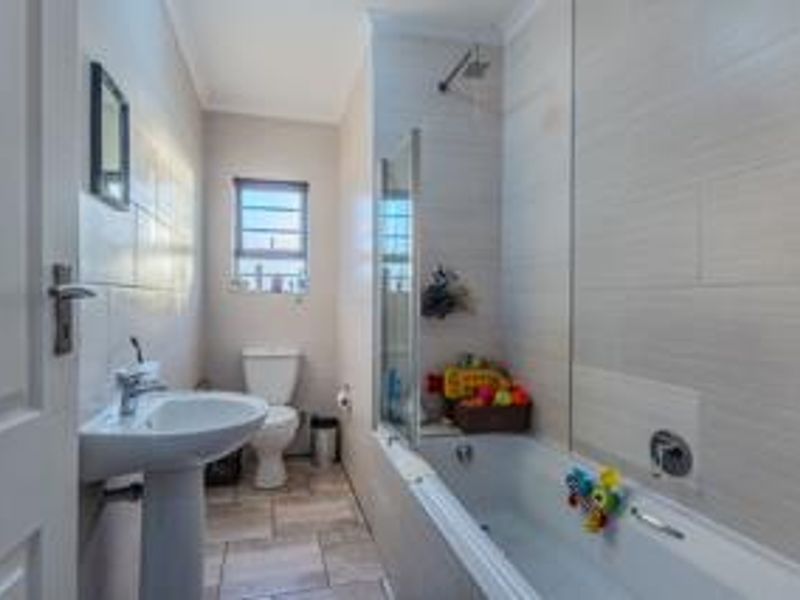 Beautiful low-maintenance 3-bedroom facebrick duplex - Photo 9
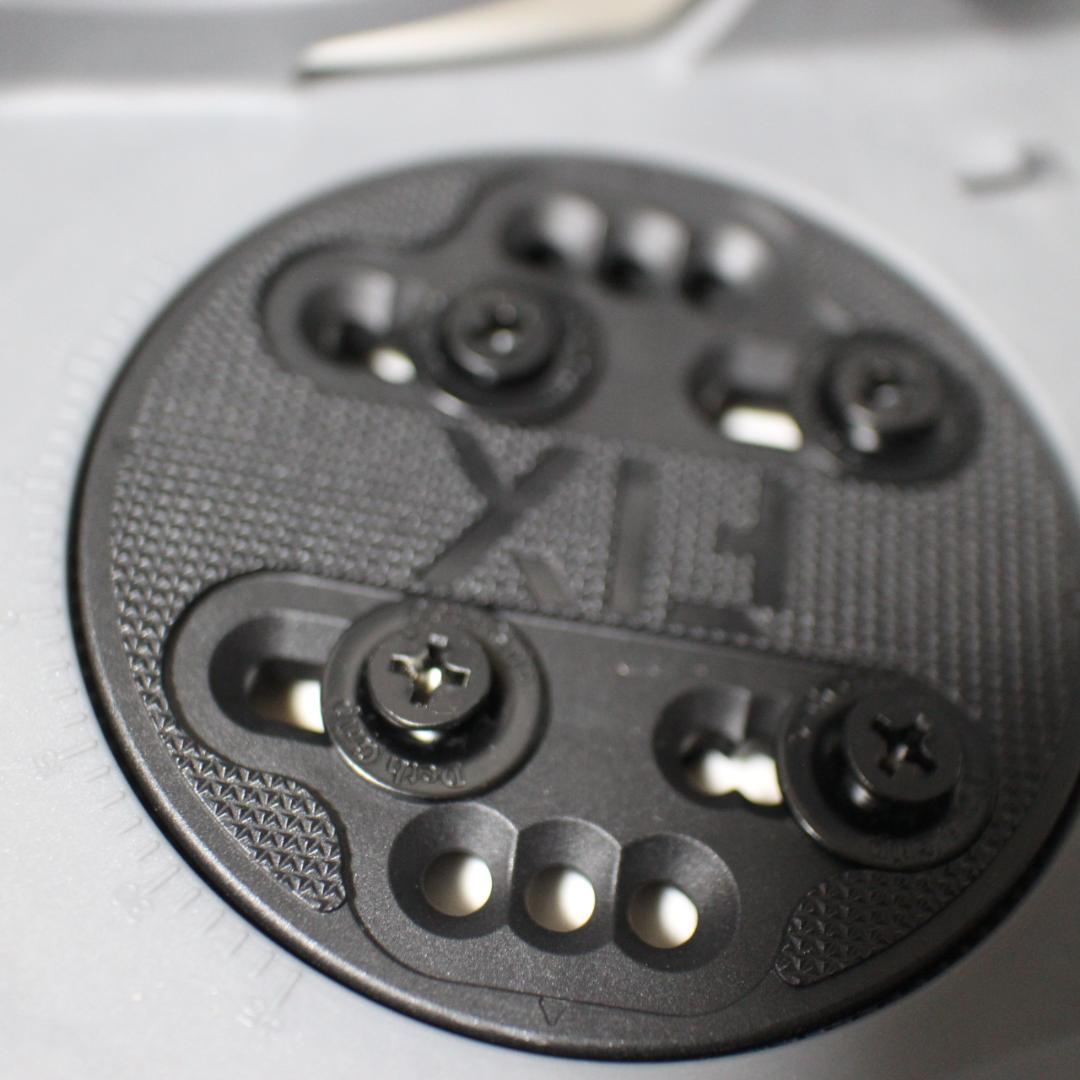 【新品級 22モデル 超軽量】FIX BINDING TRUCE M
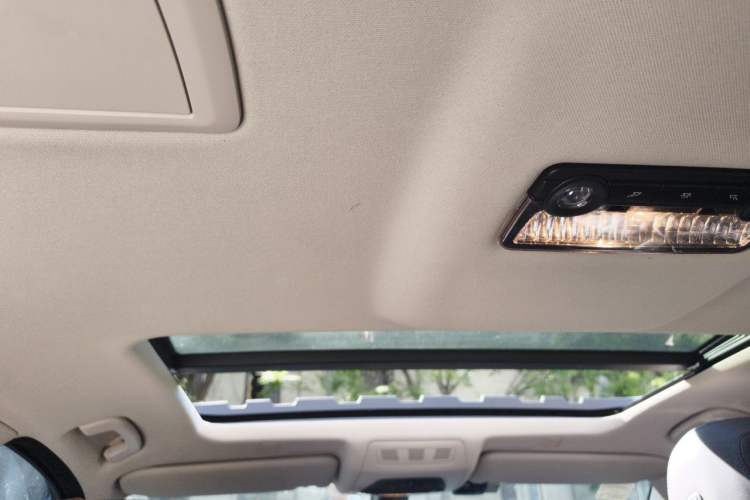 Used BMW 5 Series 2014 525Li Luxury Design Package Headliner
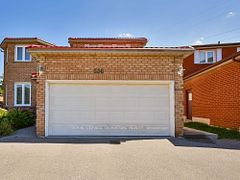 556 Farwell Crescent Lower, Mississauga, ON L5R 2A6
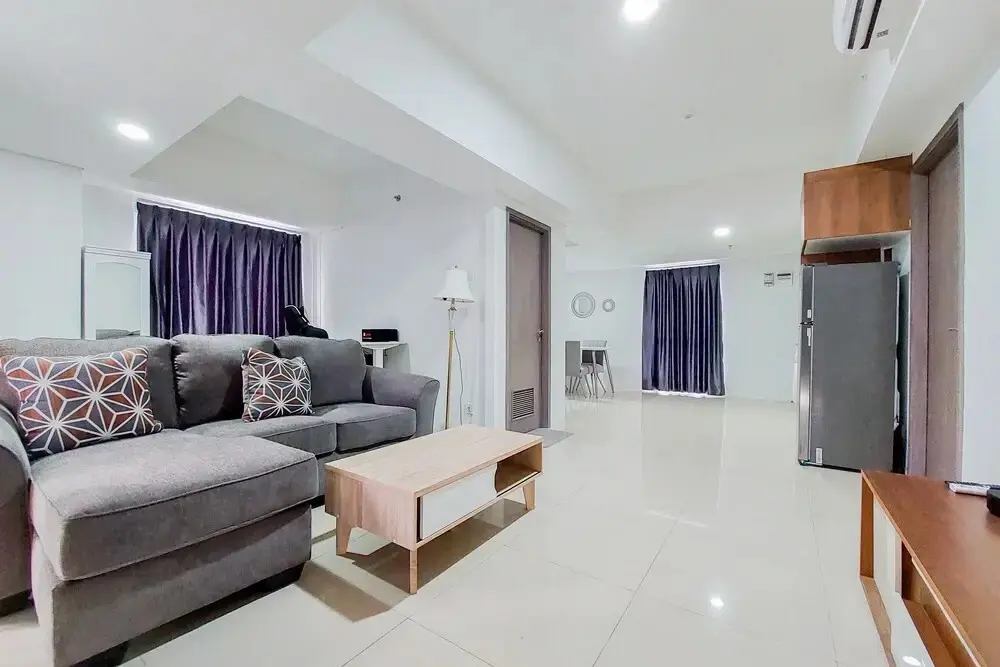 Южный Тангеранг: Spacious And Wonderful 1Br Tamansari Bintaro Mansion Apartment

▶ _EXERCISE_:
If a record holds a picture, leave the picture out and transcribe everything else exactly.

▶ _SOLUTION TO THIS EXERCISE_:
 Beautiful low-maintenance 3-bedroom facebrick duplex - Photo 9
 【新品級 22モデル 超軽量】FIX BINDING TRUCE M
 Used BMW 5 Series 2014 525Li Luxury Design Package Headliner
 556 Farwell Crescent Lower, Mississauga, ON L5R 2A6
 Южный Тангеранг: Spacious And Wonderful 1Br Tamansari Bintaro Mansion Apartment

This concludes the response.